While the presence of germ cell proteins in malignancies is well documented, the reason why they are expressed is not clearly understood. Theories on germ cell protein expression can be grouped into three general categories including (1) accidental/nonfunctional, (2) accidental/functional, and (3) programmed/functional.
The first is an accidental activation of germ cell-specific genes, which do not provide any functional benefit to the cancer cell. This scenario would include processes like widespread epigenetic regulation that would turn on germ cell genes secondarily but without any benefit to the cell. The most noted epigenetic controls in germ cell gene expression appear to be DNA methylation and posttranslational histone modifications [11
The second category consists of the accidental activation of germ cell genes, but with a functional benefit to the cancer cells.
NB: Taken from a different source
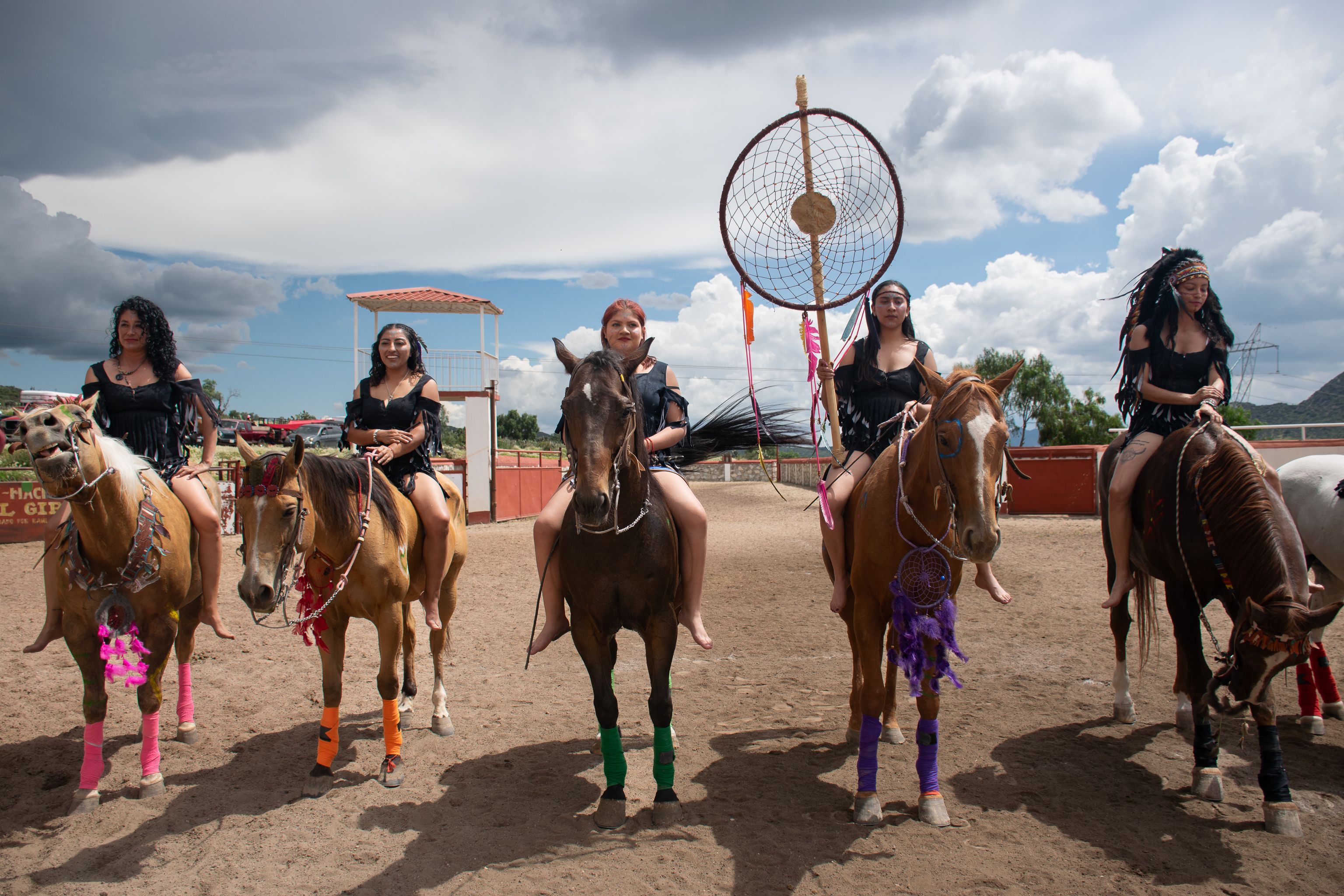Women in Traditional Attire Riding Horses, Dreamcatcher in Background ...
By providing a benefit, the cancer cells that express these germ cell genes may survive and thrive better than those without expression thereby expanding the population expressing beneficial germ cell proteins.
Lastly, the expression of germ cell proteins may be programmed into the cell to be activated under certain conditions. These conditions could include hypoxia, lack of nutrients, and oxidative stress. Primitive organisms, like yeast, tend to increase genetic recombination when they experience such stresses in order to create new phenotypes that may be better suited for the environment [9
]. A recent study by Forche et al. found a correlation between loss of heterozygosity in Candida Albicans and the degree of stress the yeast was exposed to, suggesting increased levels of gene rearrangement [8
]. Due to overgrowth of the local blood supply, a fraction of cancer cells would be expected to be hypoxic and possibly nutrient deprived. An evolutionary conserved programmed response to the lack of oxygen and nutrients could lead to the activation of germ cell proteins, causing genetic recombination, and genomic instability, similar to that seen in yeast, allowing cancer cells to adapt to the environment and become more suited to thrive in adverse conditions.
In all three scenarios it would be expected that there would be differential expression of germ cell proteins in the tumor mass as the cancer progresses. Indeed, germ cell proteins are often heterogeneously expressed. Specifically, heterogeneity has been noted in the expression of SSX, GAGE, and NY-ESO1 [45
]. This heterogeneity suggests the germ cell proteins are differentially regulated in the tumor cells. Evidence has been found for an increase in germ cell protein expression with tumor progression. A study by Barrow et al. found that both antigens MAGE-A1 and MAGE-A4 showed an increase in expression throughout disease progression [25
]. Additionally, MAGE-A3 expression reveals a correlation with disease progression [37
]. These patterns suggest that germ cell protein expression may be playing a role in tumor progression. The increase in expression may suggest that the germ cell phenotype confers adaptations more suitable for survival in adverse conditions. If these germ cell-specific genes are being turned on as a programmed response to stressors, their function is likely significant to survival of the cancer cells. Therefore, disrupting this function may decrease the ability of cancer cells to adapt and thrive under stressful conditions.
There is increasing evidence that germ cell pathways can be activated and may play a role in tumorigenesis. Hypoxic stress has been noted to induce germ cell protein expression in rat kidney fibroblasts, suggesting that hypoxia by itself may be enough to turn on some of these pathways [48
]. The germ cell regulatory protein, PLU1 (JARID1B), has been shown to mark a subpopulation of melanoma tumor cells required for continuous tumor growth [49
]. Further an association between germ cell gene expression and brain tumors in Drosophila
has recently been identified [50
]. Knock-down experiments of several of the germ cell proteins revealed that they played a critical role in tumor growth [50
]. Together these studies support the idea that germ cell pathways may be activated due to stress or other means and that these proteins then functionally benefit the malignant state.
Although it is possible that germ cell protein expression is accidental/nonfunctional in cancer, given the association of upregulation with hypoxia and role in brain tumor development, it is more likely that expression of these pathways is programmed and functional in tumor development.